Re: Application of Cloudera Hadoop for Dataset analysis

Its possible to do on VM , but its more dependent on how much data you want
to analyze and power of your system where you installed this.

Since you are CS ungergrad I would suggest you to install on plain linux
system , you can quickly pick up setup. ( after playing initially with VM )

For running SQL type of queries you can see HIVE tool
For running machine learning algo see Mahout
You can also write own custom Java code for queries.

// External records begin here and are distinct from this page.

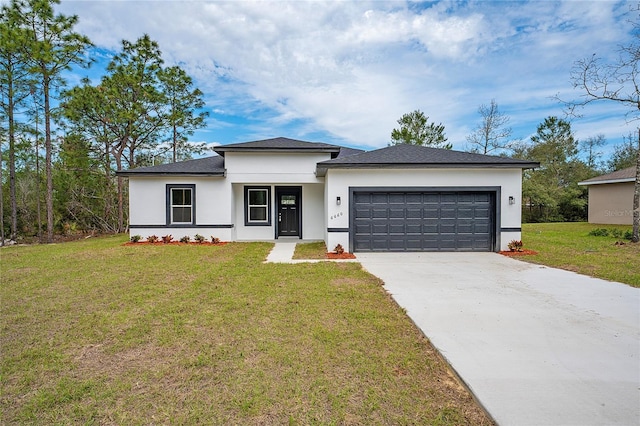 view of front of property with stucco siding, an attached garage, driveway, and a front lawn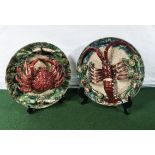 A pair of large Portuguese Majolica chargers with lobster, crab and sea creature decoration, marks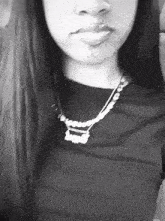 a black and white photo of a woman wearing a name necklace .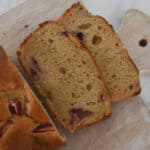 Un pan de plátano y fresa con dos rebanadas cortadas mostrando fresas horneadas en su interior.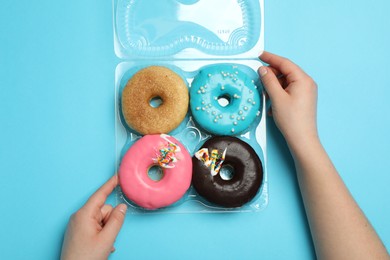 Photo of Woman with box of delicious donuts on light blue background, top view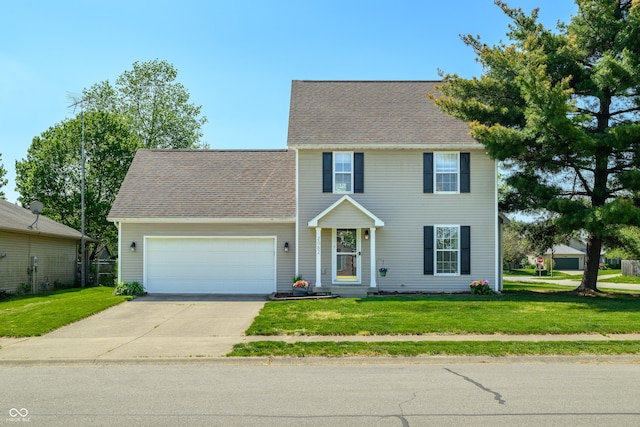 colonial-style house with concrete driveway, an attached garage, and a front yard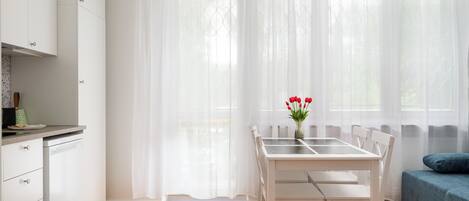 A modern kitchen with white cabinets, a dining table with chairs, and a blue sofa.
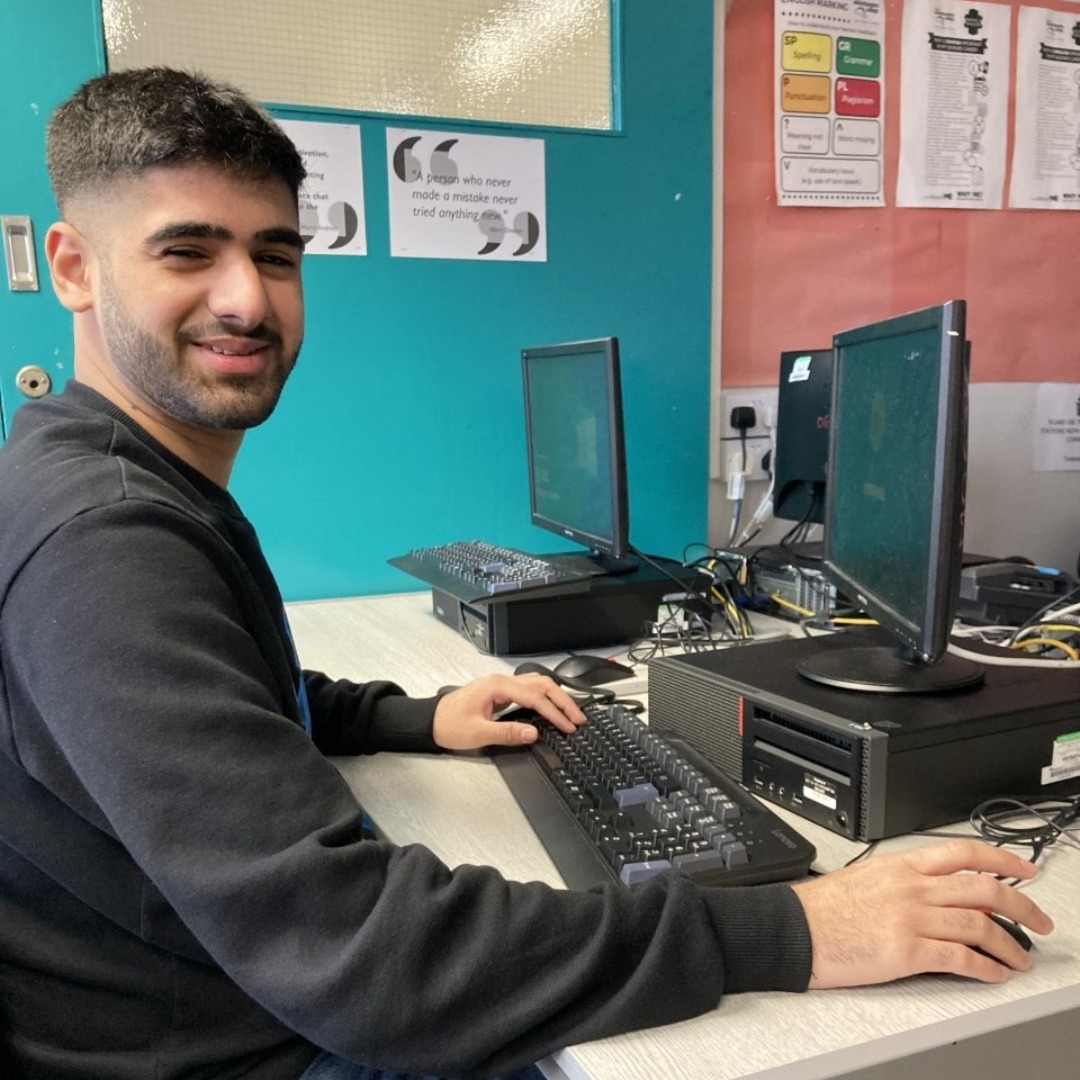 Business student Harjot Tiwna sitting at a desktop PC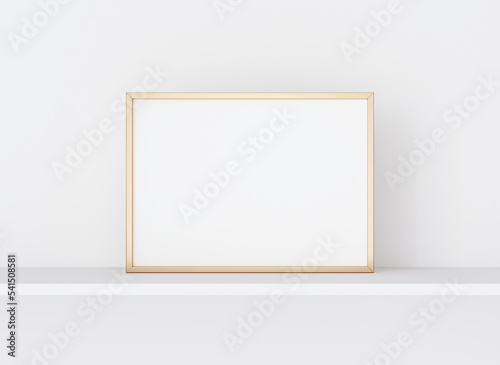 Interior poster mockup with horizontal golden metal frame on white wall. A4, A3 size format. 3D rendering, illustration.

Just start with initial install , shout here at mailing list when ever you
are struck.

Welcome to magical world of data.


Jagat Singh

On Tue, Feb 5, 2013 at 9:43 PM, Sharath Chandra Guntuku <

> Hi,
> I am Sharath Chandra, an undergraduate student at BITS-Pilani, India. I
> would like to get the following clarifications regarding cloudera hadoop
> distribution. I am using a CDH4 Demo VM for now.
> 1. After I upload the files into the file browser, if I have to link
> two-three datasets using a key in those files, what should I do? Do I have
> to run a query over them?
> 2. My objective is that I have some data collected over a few years and
> now, I would like to link all of them, as in a database using keys and then
> run queries over them to find out particular patterns. Later I would like
> to implement some Machine learning algorithms on them for predictive
> analysis. Will this be possible on the demo VM?
> I am totally new to this. Can I get some help on this? I would be very
> grateful for the same.
> Thanks and Regards,
> *Sharath Chandra Guntuku*
> Undergraduate Student (Final Year)
> *Computer Science Department*
> *BITS-Pilani*, Hyderabad Campus
> Jawahar Nagar, Shameerpet, RR Dist,
> Hyderabad - 500078, Andhra Pradesh